All mayoral and city council candidates have been invited to participate and young local leading activist Ozzy Simpson is anticipating the upcoming forum. “What I’m most looking forward to with the Climate Action Forum is bringing attention to how the climate crisis affects Pasadena deeply. Not only that, but there are ways for Pasadena to combat the climate crisis locally, even if other cities and governments don’t take action with us. Pasadena is in a position where it can be a leader on the climate crisis but we have to work to do that.”
He continued, “I’m also looking forward to relating the climate crisis to issues many may not see as directly climate-related. For example, housing and the way buildings are designed can play a huge role in how cities can be more climate-resilient.”
Eco-friendly housing appears to be growing in popularity as more people become conscious of their ecological footprint and tend to want to live a lifestyle that nourishes the future of our environment with the hopes of curtailing global warming.
I asked Ozzy if there is a specific city official that he is more interested in listening to on climate action on Feb. 4. “As for hearing from a specific council member or mayoral candidate, I’m obviously interested in hearing what every candidate has to say, but, specifically, I‘m very interested in having Ryan Bell (candidate for District 6) discuss his plans for a local Green New Deal in more depth. Similarly, but on the mayoral side, Jason Hardin signed the Green New Deal pledge in December and I’m interested in hearing what he envisions a climate-resilient Pasadena could look like. After presenting the Green New Deal pledge late at night in December to our sitting elected officials and none of them signing on, I’m interested in climate crisis.”
In 2018 the City of Pasadena adopted the Climate Action Plan (CAP), “a strategic framework for measuring, planning, and reducing the City’s share of GHG emissions.”
GHG (greenhouse gas) emissions are a combination of three major gases that affect our environment: carbon dioxide (CO2), methane (CH4) and nitrous oxide (N2O). Per the 2018 CAP Annual Report Card, most of the cities goals set forth to be on target for 2020 are categorized as likely to be achieved.
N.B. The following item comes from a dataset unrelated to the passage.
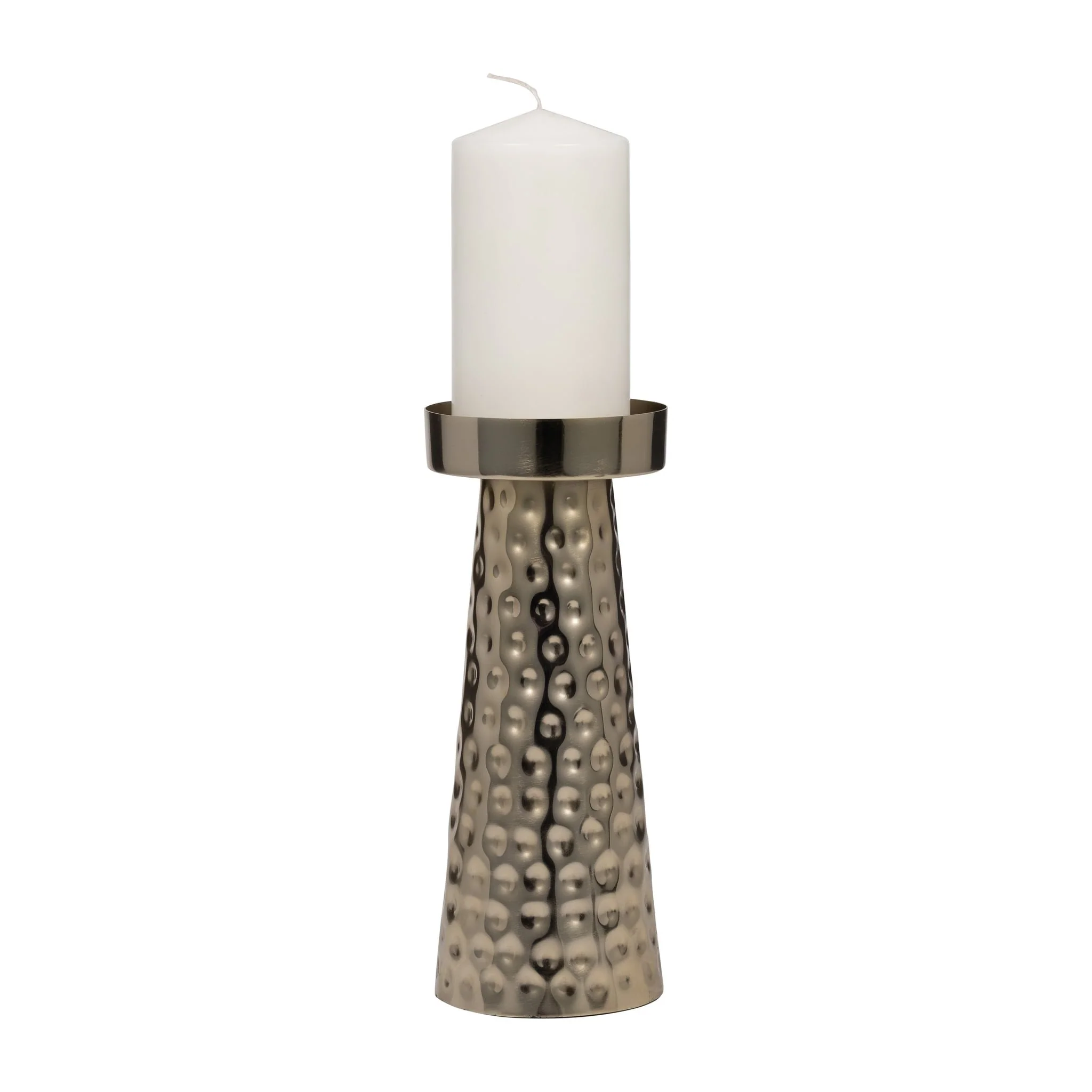 Metal, 10"h Hammered Candle Holder,  Gold - Image 2
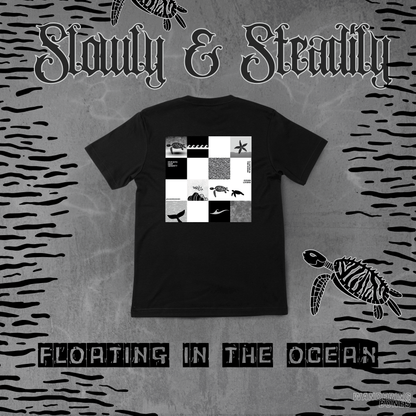 Sea Turtle Unisex Streetwear T-shirt in Black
Some of the targets of CAP are: sustainable mobility and land use, energy efficiency and conservation, and water conservation. And although the 2018 CAP Annual Report Card states incredible achievements by the city in reducing GHG emissions, it is evident that local youth and residents are demanding more from their government officials and leaders regarding climate action.
In December of 2019, as world leaders met in Madrid for the last United Nations Climate Change Conference, aka Conference of the Parties (COP25), the sites and dates for the 2020 Regional Climate Weeks were revealed. Commitments from countries all over the world to become net-zero by the years 2030 and 2050 are believed to be the most ambitious yet and discussions for reducing emissions are anticipated to be more aggressive as world leaders contend with how to save the future of our planet in the next decade.
Pasadena resident David Azevedo will be in attendance at the upcoming Climate Action Forum and he is looking forward to discussing green policies with city officials. “The health and safety of our planet — from air and water quality, fire risk, and hotter climates—directly depends on the bold leadership of local elected officials. Cities around the world are already making a huge difference by becoming plastic-free, providing clean energy, and encouraging more walking, biking, and public transit. Pasadena, however, lags far behind those cities and for voters who care about the environment, our youth-led Climate Action Forum on Feb. 4 will be an opportunity to ask mayoral and citywide candidates how they will contribute to saving our planet’s future.”